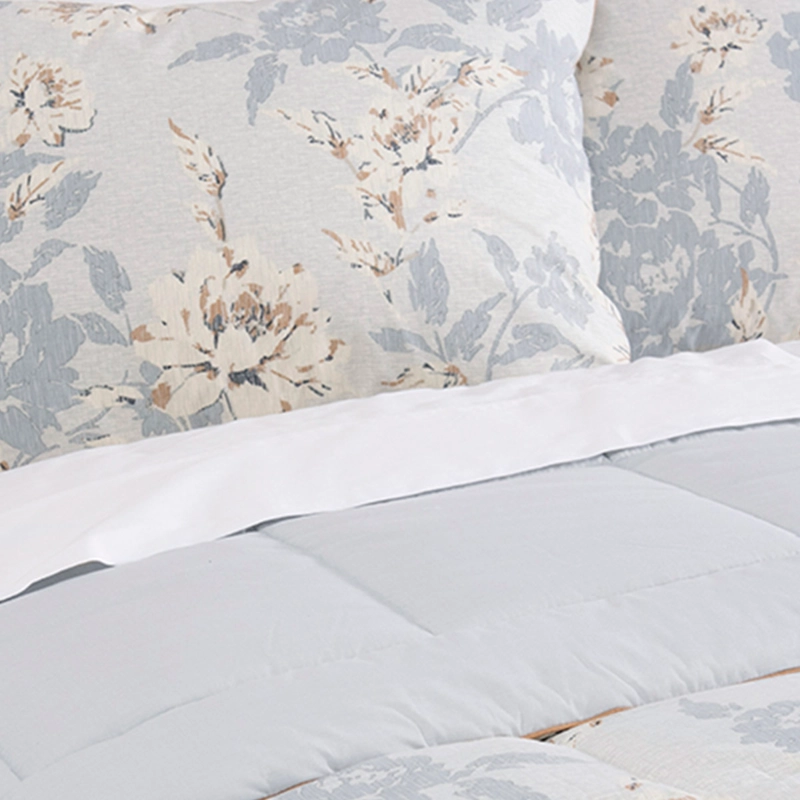 PLUMÓN FABRICS ROSALIA SÚPER KING GRIS - 2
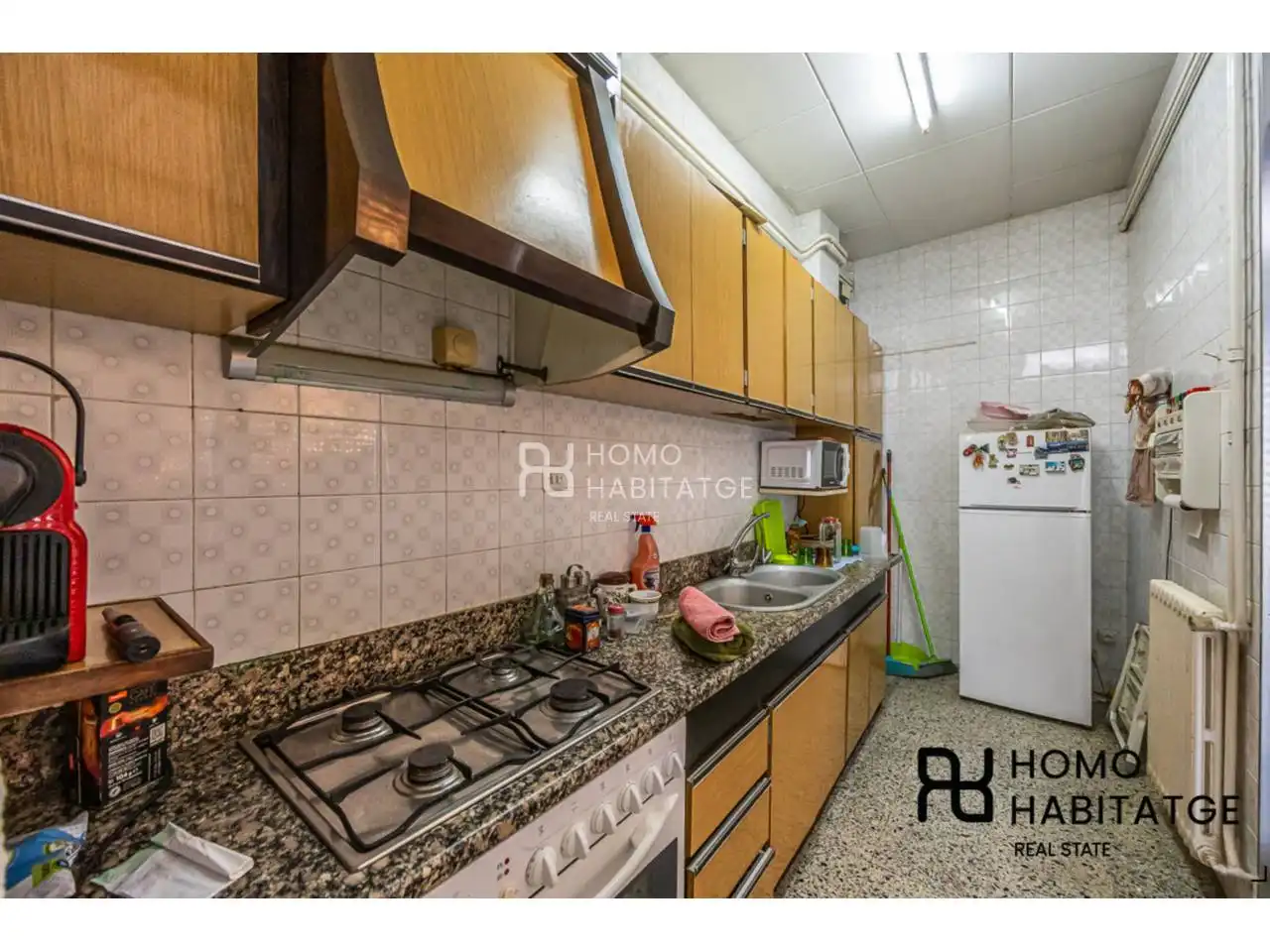 Cocina de Casa o chalet en venta en Sabadell con Calefacción, Jardín privado y Terraza
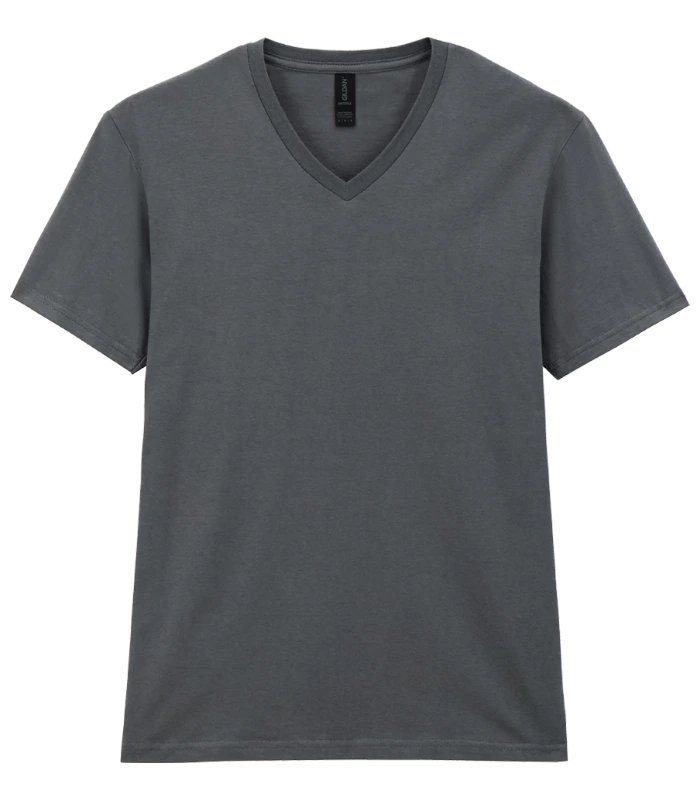Gildan Gildan SoftStyle® V Neck T-Shirt in CHA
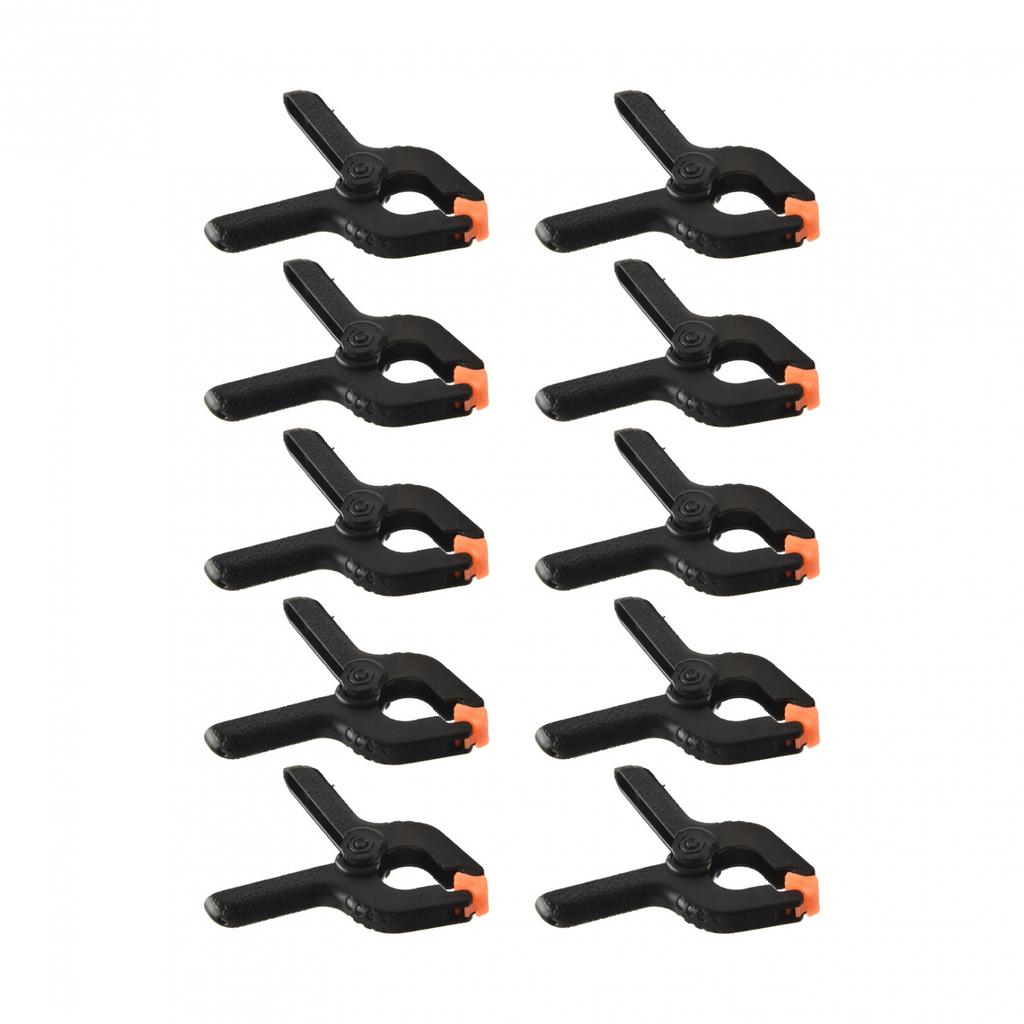 10 Pcs Multifunctional Plastic Clip 2inch Heavy-duty Jersey Clip Rotating Jaw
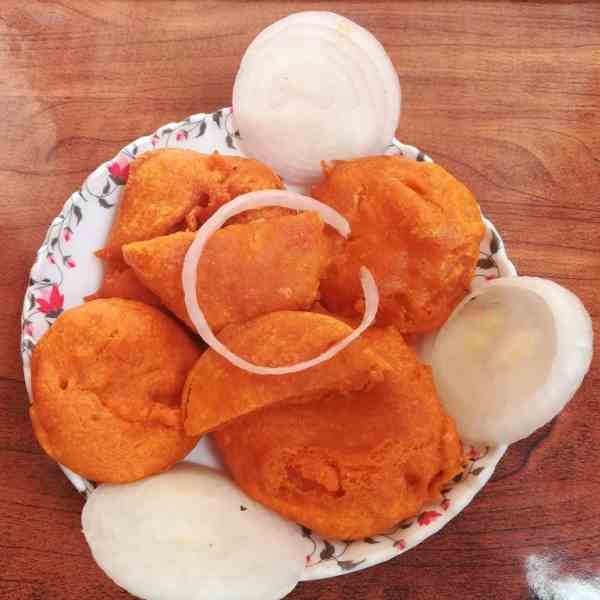 Onion bhaji recipe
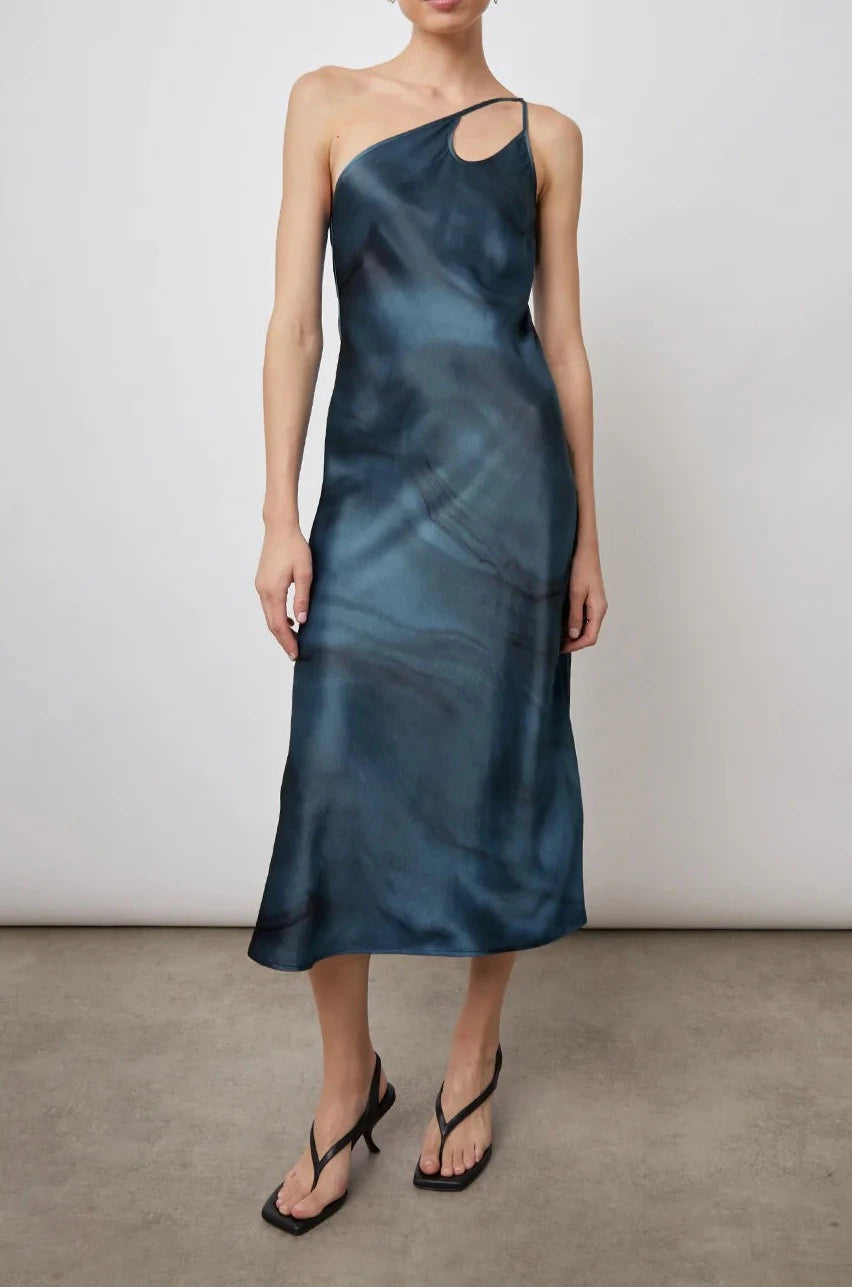 JORDAN DRESS - BLUE COAST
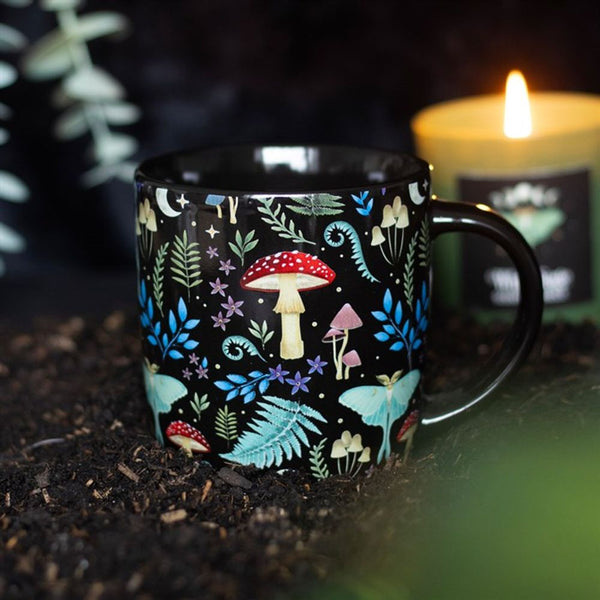 Eleanoras Dark Forest Print Mug Mugs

+---+

→ **WORK REQUIRED**
Pictures excluded, print only the lines from the one with "JORDAN DRESS - BLUE COAST" through the end of the entries above, exactly as written.

→ **EXERCISE ANSWER**
 JORDAN DRESS - BLUE COAST
 Eleanoras Dark Forest Print Mug Mugs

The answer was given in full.